▸ Your goal:
Write out exactly the lines from the one containing "Hello everyone, welcome" through the last line of the records below, both included, and leave out any pictures.

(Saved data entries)
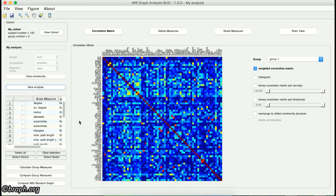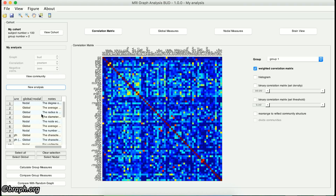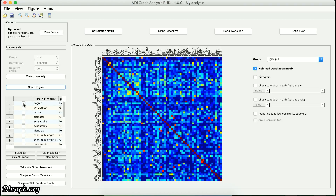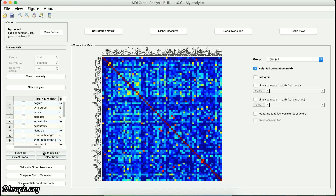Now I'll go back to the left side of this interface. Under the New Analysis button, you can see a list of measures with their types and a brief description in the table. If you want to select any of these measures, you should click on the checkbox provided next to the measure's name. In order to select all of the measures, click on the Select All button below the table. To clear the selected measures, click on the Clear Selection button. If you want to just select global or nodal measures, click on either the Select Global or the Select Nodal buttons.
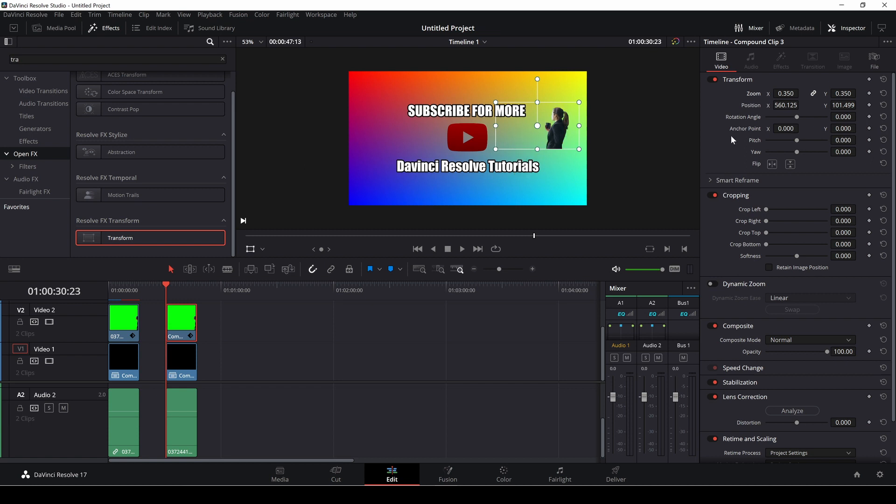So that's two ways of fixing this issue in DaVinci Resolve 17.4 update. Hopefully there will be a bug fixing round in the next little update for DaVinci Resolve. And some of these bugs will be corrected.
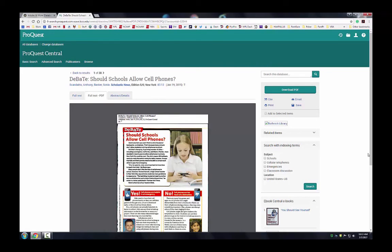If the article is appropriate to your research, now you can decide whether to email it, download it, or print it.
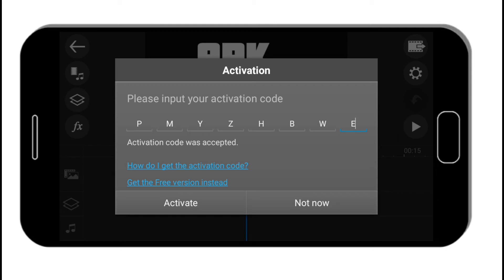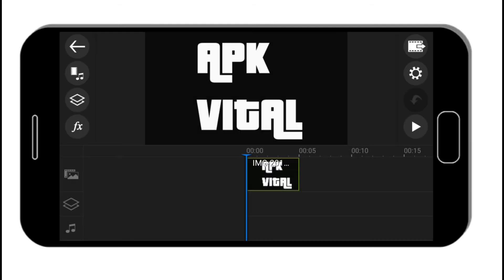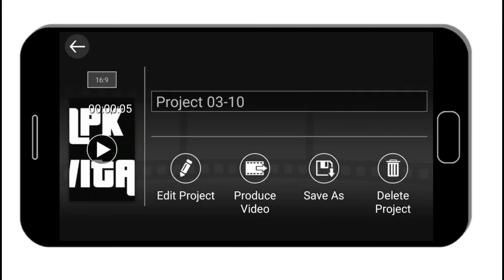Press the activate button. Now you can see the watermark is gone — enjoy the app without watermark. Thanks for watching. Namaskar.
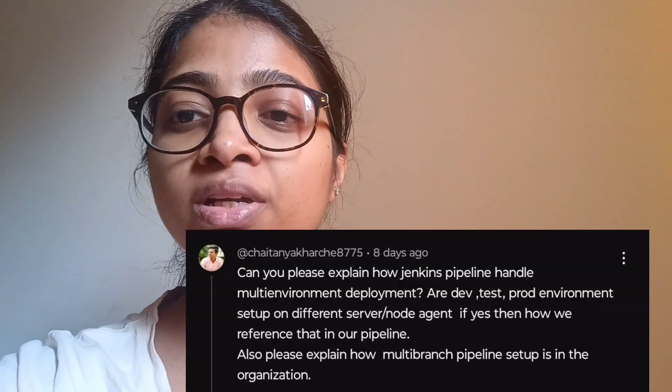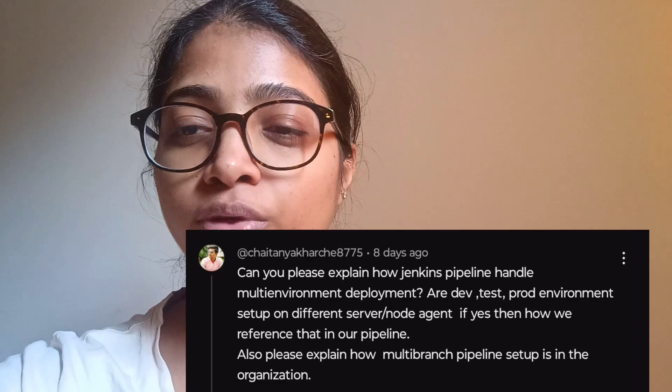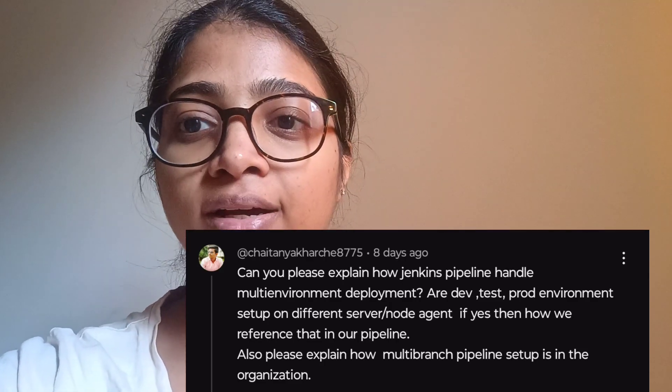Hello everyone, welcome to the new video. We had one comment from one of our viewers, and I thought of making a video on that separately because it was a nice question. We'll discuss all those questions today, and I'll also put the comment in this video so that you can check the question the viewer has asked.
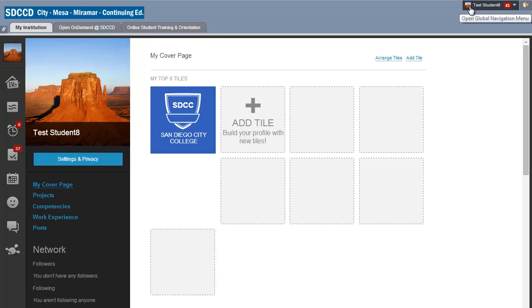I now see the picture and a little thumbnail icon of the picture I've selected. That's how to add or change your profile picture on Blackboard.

▸ Solved exercise:
Hello everyone, welcome to the new video. We had one comment from one of our viewers, and I thought of making a video on that separately because it was a nice question. We'll discuss all those questions today, and I'll also put the comment in this video so that you can check the question the viewer has asked.
I now see the picture and a little thumbnail icon of the picture I've selected. That's how to add or change your profile picture on Blackboard.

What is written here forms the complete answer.